Il passaggio all’elettrico in Italia potrebbe costare caro. Si stima che entro il 2035 sono a rischio oltre 60.000 posti di lavoro.

Allarme posti di lavoro: la transizione verso la mobilità elettrica si trascina dietro enormi problemi, tra cui quello occupazionale, comune in tutta l’Europa. Solo in Italia la transizione ci costerebbe ben 60 mila posti di lavoro entro il 2035, secondo l’inchiesta di Milena Gabanelli del Corriere della Sera. Ma sarà vero?

Fabbriche auto, operai e dipendenti a rischio licenziamento?

Nella sua analisi Milena Gabanelli parte dall’azienda tedesca Vitesco di Pisa, che produce iniettori, con 750 lavoratori a rischio licenziamento. Motivo? L’azienda ha già deciso di fermare la produzione di questi componenti dal 2023, delocalizzando in Romania, Ungheria e Repubblica Ceca. Poi prosegue parlando delle fabbriche Stellantis di motori diesel, dei siti di Ferrara e Pratola Serra (Avellino), della Bosch e Marelli a Bari, della Denso di San Salvo (Chieti).

Complessivamente qui sono a rischio oltre 2.500 lavoratori. In allerta ci sono anche 1.400 dipendenti della fabbrica Bosch di Bari, più altri 600 della Marelli. L’analisi prosegue con la situazione della fabbrica della multinazionale giapponese Denso di San Salvo, in provincia di Chieti, dove 1.000 occupati producono alternatori e motorini di avviamento.

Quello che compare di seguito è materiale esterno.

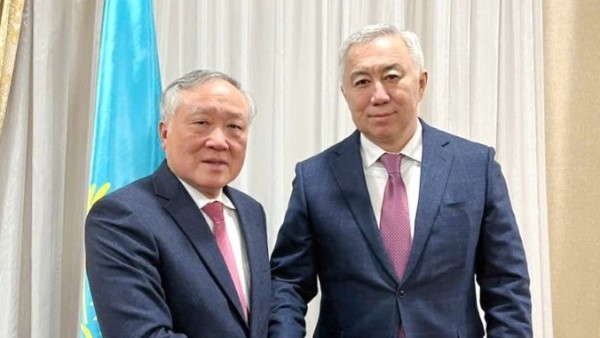 Phó Thủ tướng Thường trực Nguyễn Hoà Bình kết thúc tốt đẹp chuyến thăm, làm việc tại Kazakhstan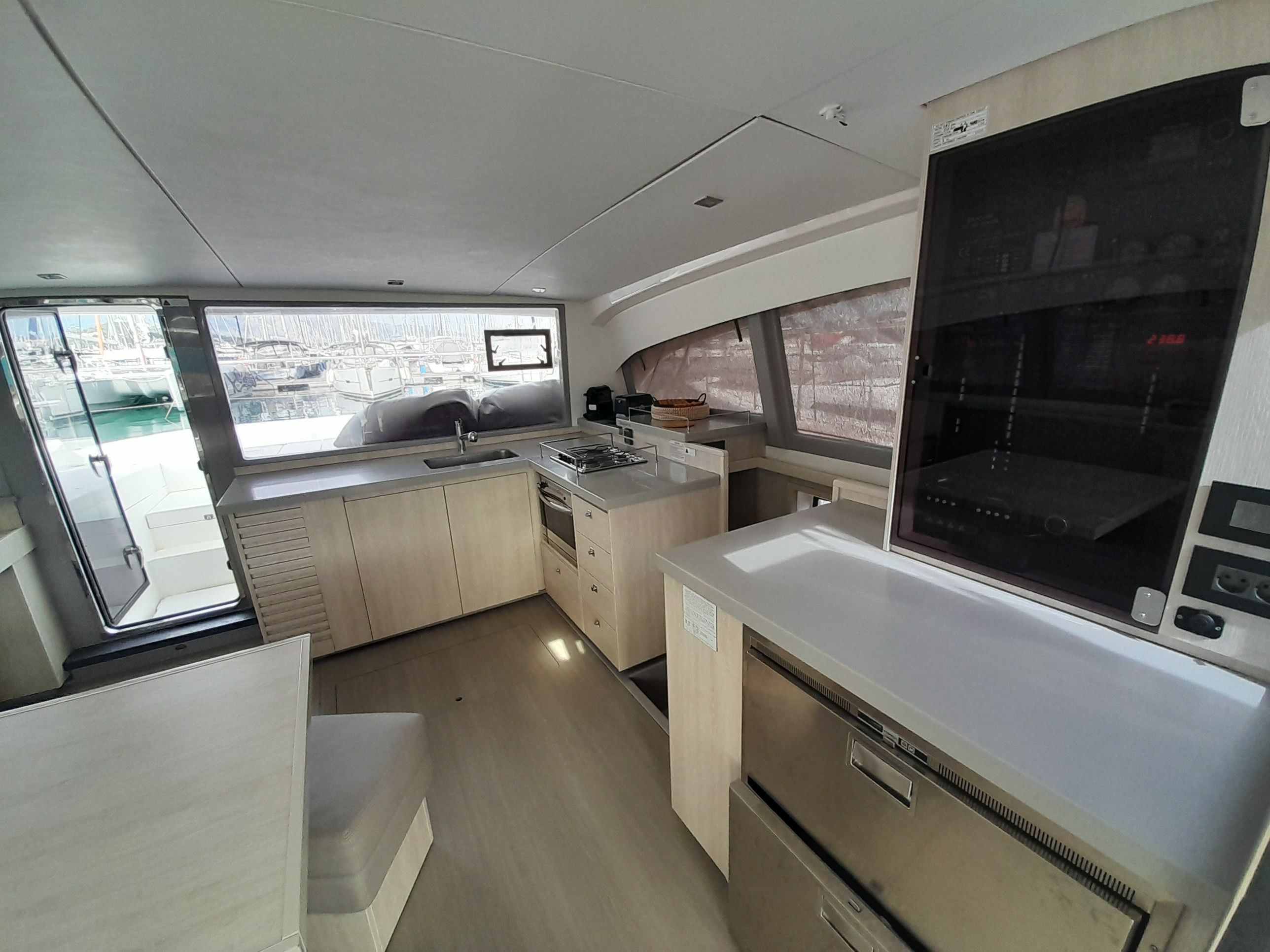 Leopard 434 | Aquaholic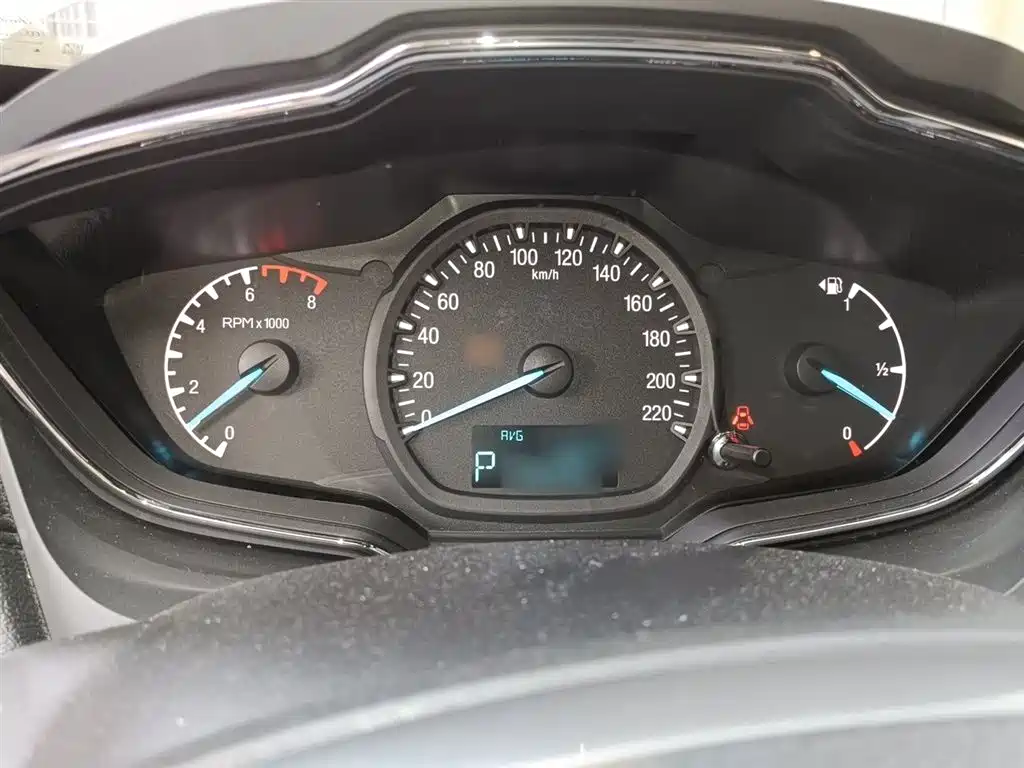 Escort Facelift 1.5 L Auto Comfort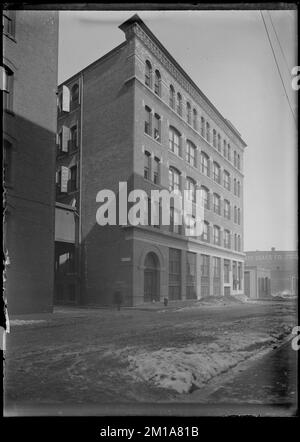 Unidentifiziert, Industrieanlagen, Straßen, Boston Wharf Company Collection Stockfoto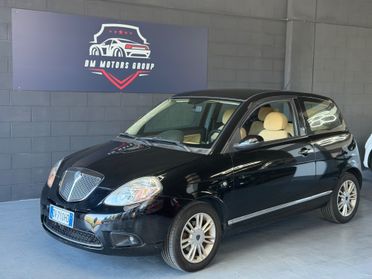 Lancia Ypsilon 1.4 16V Platino Automatica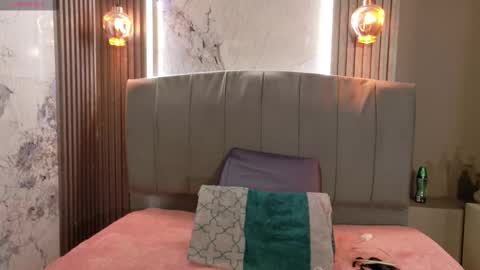 Daniela online show from October 12, 2025, 1:26 am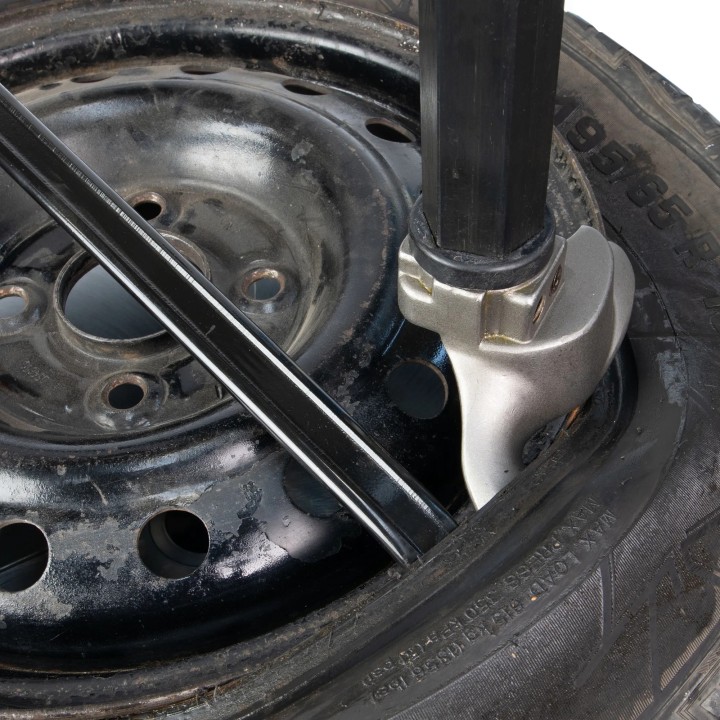 Démonte-pneus semi-automatique 12''- 24'' 220V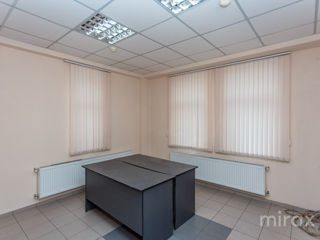 Se vinde oficiu situat în sectorul Centru, str. Petru Rareș. foto 2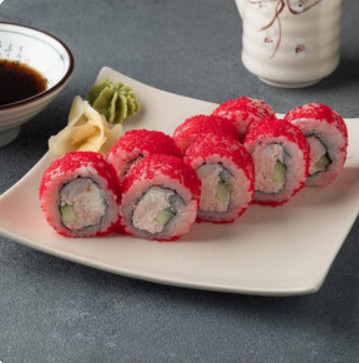 Ролл с тигровой креветкой и крабом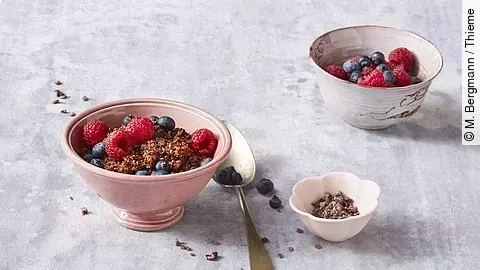 Beeren mit Qinoa-Porridge in Müslischalen angerichtet
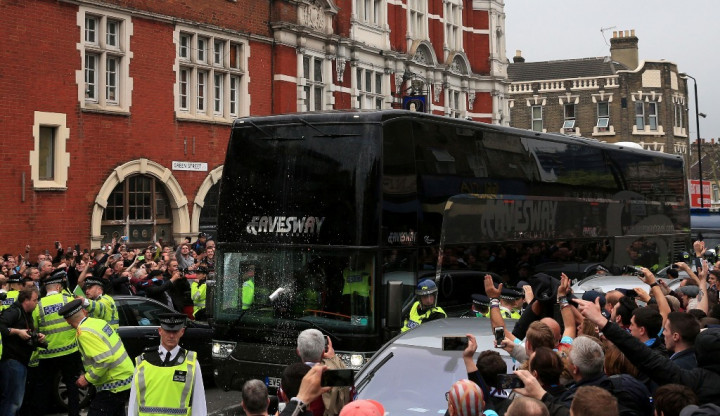 West Ham Janjikan Hukuman Berat untuk Pelaku Penyerangan Bus MU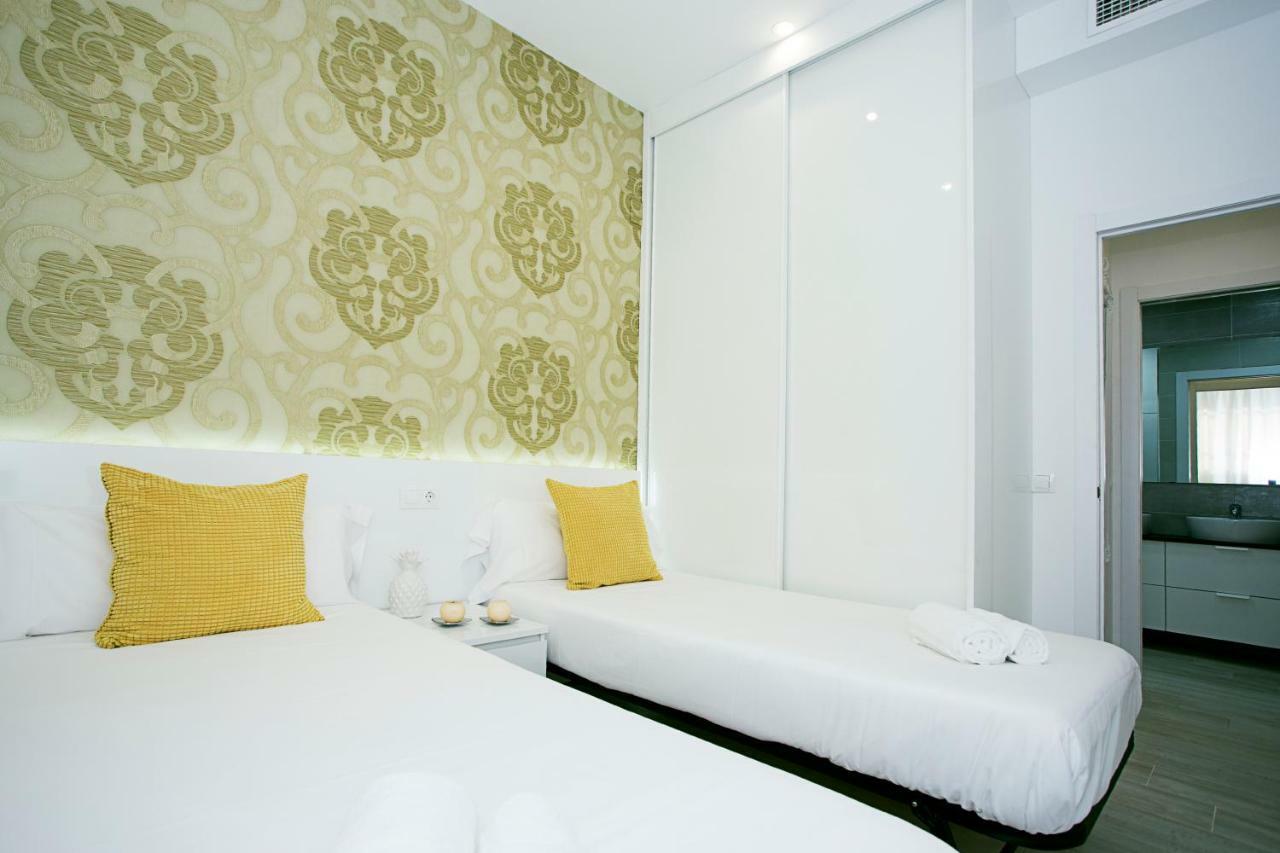 Monko Center, Garden & Pool O Apartment *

Lavoratori a rischio licenziamento secondi i dati Fim, Fiom e Uilm entro il 2023
Lavoratori a rischio licenziamento secondi i dati Fim, Fiom e Uilm

L’industria automobilistica italiana conta 2.200 imprese della componentistica e 161 mila occupanti. Molte di queste producono parti per motori benzina e diesel, che dal 2035 saranno messi al bando. Lo stop metterebbe a rischio il 67% delle esportazioni italiane, con forti conseguenze occupazionali. Stando così le cose, entro il 2035, 60mila persone in 500 aziende perderanno il posto di lavoro.

Licenziamenti e crisi

La crisi delle aziende e i conseguenti licenziamenti che abbiamo visto nei mesi scorsi potrebbero rappresentare l’inizio di un cataclisma occupazionale che colpirebbe l’Italia da Nord a Sud. Il problema è già visibile nelle fabbriche di motori diesel, con la domanda che sul mercato è passata dal 54% al 26% negli ultimi tredici anni.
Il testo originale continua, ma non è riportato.